Output exactly the lines from the one containing "2012 BMW M6 Gear Selector Switch Diagram" through the final line of the entries below, both included, and skip the pictures.

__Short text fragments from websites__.
^^^^

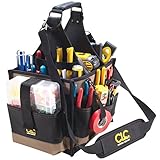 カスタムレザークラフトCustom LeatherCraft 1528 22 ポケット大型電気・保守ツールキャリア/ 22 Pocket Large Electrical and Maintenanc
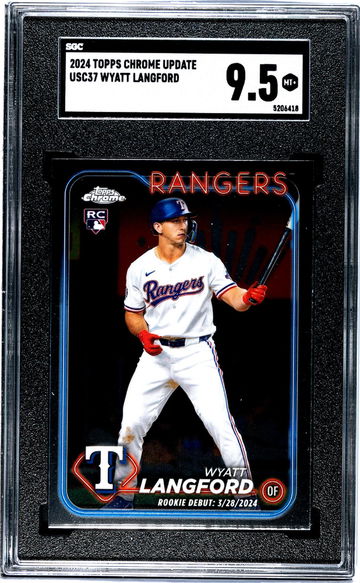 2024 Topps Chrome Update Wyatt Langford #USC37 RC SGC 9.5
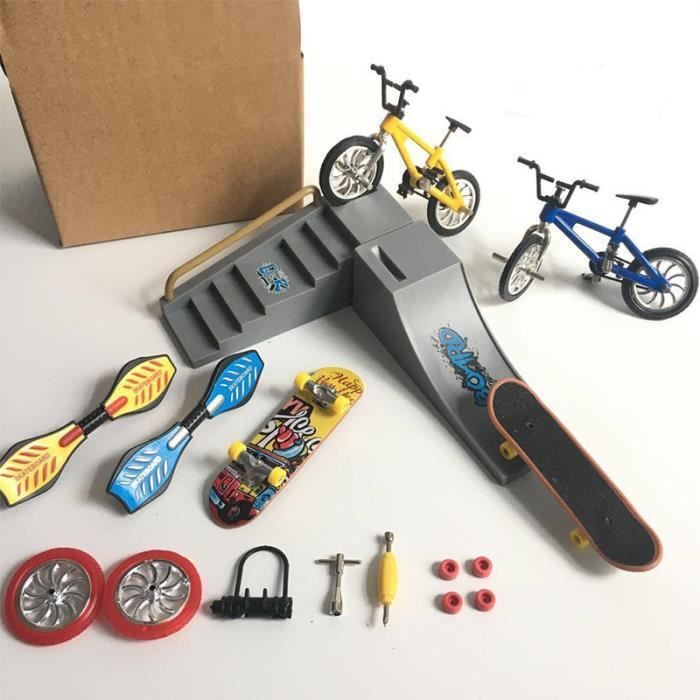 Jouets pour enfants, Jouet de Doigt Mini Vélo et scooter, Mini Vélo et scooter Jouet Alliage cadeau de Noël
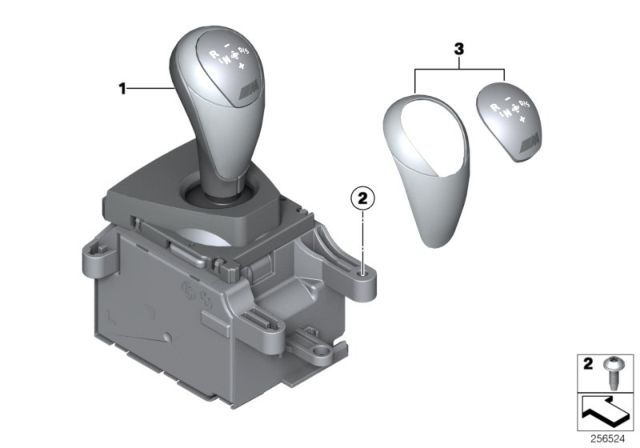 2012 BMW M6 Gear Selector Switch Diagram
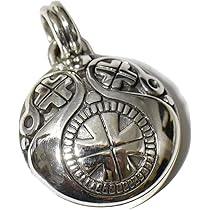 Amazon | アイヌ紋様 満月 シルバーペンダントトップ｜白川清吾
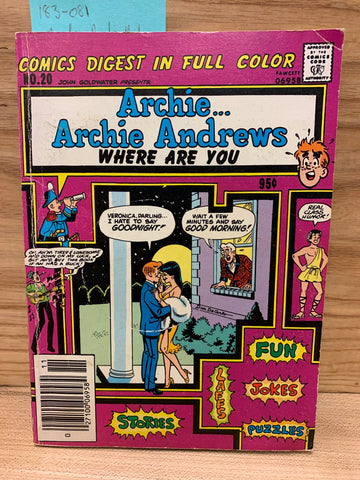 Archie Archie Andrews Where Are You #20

^^^^

__Answer to the exercise__.
 2012 BMW M6 Gear Selector Switch Diagram
 Amazon | アイヌ紋様 満月 シルバーペンダントトップ｜白川清吾
 Archie Archie Andrews Where Are You #20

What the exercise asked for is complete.